Tarafların karşılıklı iddia ve savunmalarına, dayandıkları belgelere, uyuşmazlığa uygulanması gereken hukuk kuralları ile hukuki ilişkinin nitelendirilmesine, dava şartlarına, yargılama ve ispat kuralları ile Bölge Adliye Mahkemesi kararlarındaki gerekçelere, 6100 sayılı Kanun’un 369/1. maddesi de gözetilerek yapılan incelemede aynı Kanun’un 371 inci maddesinde yer alan sebeplerden biri de bulunmadığına ve 6292 sayılı Kanun'un 12 inci maddesi uyarınca yapılan satışlardan kaynaklanan uyuşmazlıklarda "Adli Yargı" görevli ise de taşınmazın devrine esas olan hukuki işlem (satış işlemi), idari işlem mahiyetinde olup idari işlem ortadan kaldırılmadıkça başka bir anlatımla idari işlem niteliğindeki Hazinenin satış işlemi idare tarafından geri alınmadıkça ya da idari yargıda iptal edilmedikçe satış işlemi sonucunda oluşan tapu kaydının yolsuz tescil niteliğinde olduğu iddiasıyla açılan davaların dinlenemeyeceği ancak satış işleminin idare tarafında geri alınmasının ya da idari yargıda iptalinin kesinleşmesinden sonra davanın esasına yönelik karar verilebileceğine göre, temyizen incelenen karar usul ve kanuna uygun olup davacı Hazine vekilinin temyiz dilekçesinde ileri sürdüğü nedenler kararın bozulmasını gerektirecek nitelikte görülmemiştir.

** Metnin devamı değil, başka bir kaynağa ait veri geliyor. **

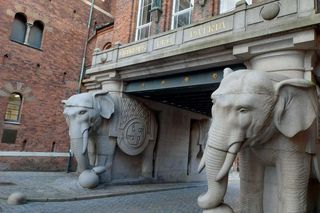 Z Gdańska do Kopenhagi dolecisz w godzinę. Stolicę Danii zwiedzisz w jeden dzień! 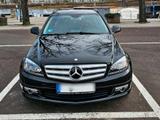 Mercedes-Benz Mercedes C220 CDI - Mercedes-Benz C 220 in Magdeburg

SONUÇ: Yukarıda açıklanan nedenlerle, davacı Hazine vekilinin temyiz itirazları yerinde görülmediğinden reddiyle Bölge Adliye Mahkemesi kararının ONANMASINA, dosyanın İlk Derece Mahkemesine, kararın bir örneğinin Bölge Adliye Mahkemesine gönderilmesine, harçtan muaf olduğundan Hazineden harç alınmasına yer olmadığına, 24.04.2024 tarihinde oy birliğiyle karar verildi.